Instructions for the task> Set out exactly, line by line, the stretch of data below that begins at the line containing "Детское боди / Водяной голубоглазый тигр" and ends at the line containing "Biedronka Varta Energy aanbieding", with both ends kept.

Material for this exercise>
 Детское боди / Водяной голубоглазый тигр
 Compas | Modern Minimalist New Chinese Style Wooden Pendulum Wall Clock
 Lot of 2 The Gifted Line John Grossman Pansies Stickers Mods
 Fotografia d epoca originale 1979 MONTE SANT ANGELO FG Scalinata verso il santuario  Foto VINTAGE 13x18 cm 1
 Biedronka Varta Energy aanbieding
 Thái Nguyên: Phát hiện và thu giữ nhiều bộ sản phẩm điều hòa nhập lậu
==
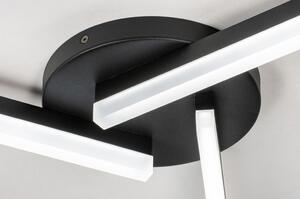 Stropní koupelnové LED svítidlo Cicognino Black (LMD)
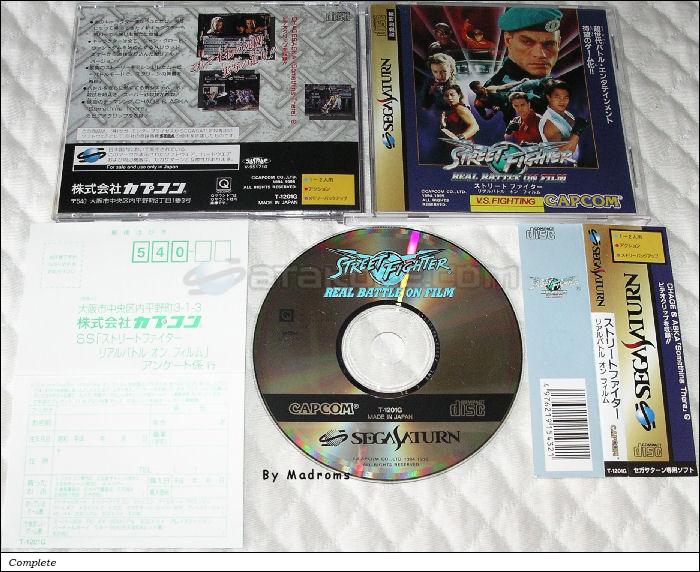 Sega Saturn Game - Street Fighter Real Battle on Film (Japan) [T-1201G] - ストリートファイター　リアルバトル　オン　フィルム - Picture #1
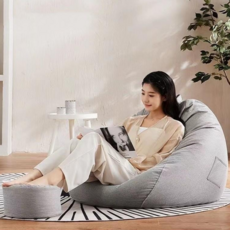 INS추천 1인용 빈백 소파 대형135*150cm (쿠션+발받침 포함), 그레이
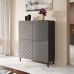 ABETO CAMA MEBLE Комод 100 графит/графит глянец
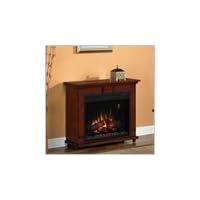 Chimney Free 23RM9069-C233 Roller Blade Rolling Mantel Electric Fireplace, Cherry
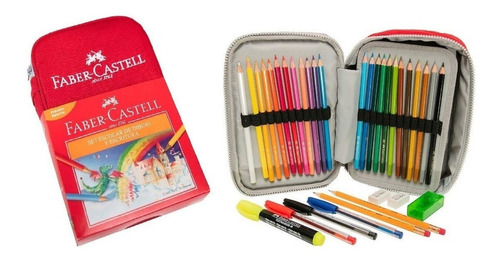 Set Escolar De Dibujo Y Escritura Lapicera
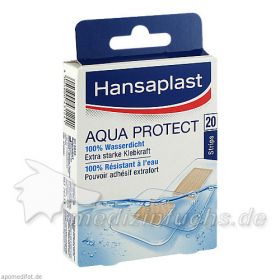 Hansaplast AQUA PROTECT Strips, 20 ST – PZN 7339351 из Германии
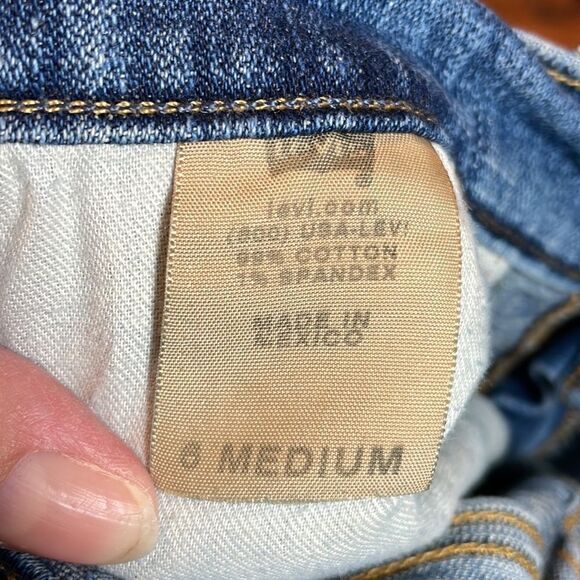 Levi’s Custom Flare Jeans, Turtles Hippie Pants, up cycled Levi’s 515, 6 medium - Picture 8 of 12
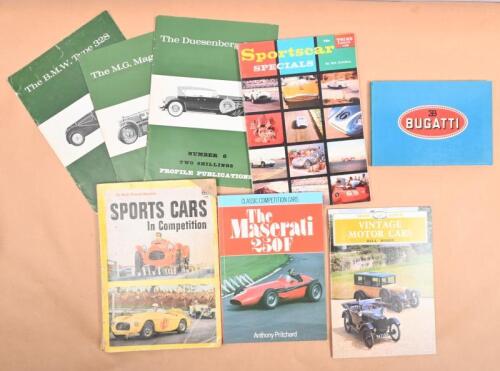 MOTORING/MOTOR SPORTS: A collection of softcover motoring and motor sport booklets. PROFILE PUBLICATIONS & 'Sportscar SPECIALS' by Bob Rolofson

Output for this exercise>
 Детское боди / Водяной голубоглазый тигр
 Compas | Modern Minimalist New Chinese Style Wooden Pendulum Wall Clock
 Lot of 2 The Gifted Line John Grossman Pansies Stickers Mods
 Fotografia d epoca originale 1979 MONTE SANT ANGELO FG Scalinata verso il santuario  Foto VINTAGE 13x18 cm 1
 Biedronka Varta Energy aanbieding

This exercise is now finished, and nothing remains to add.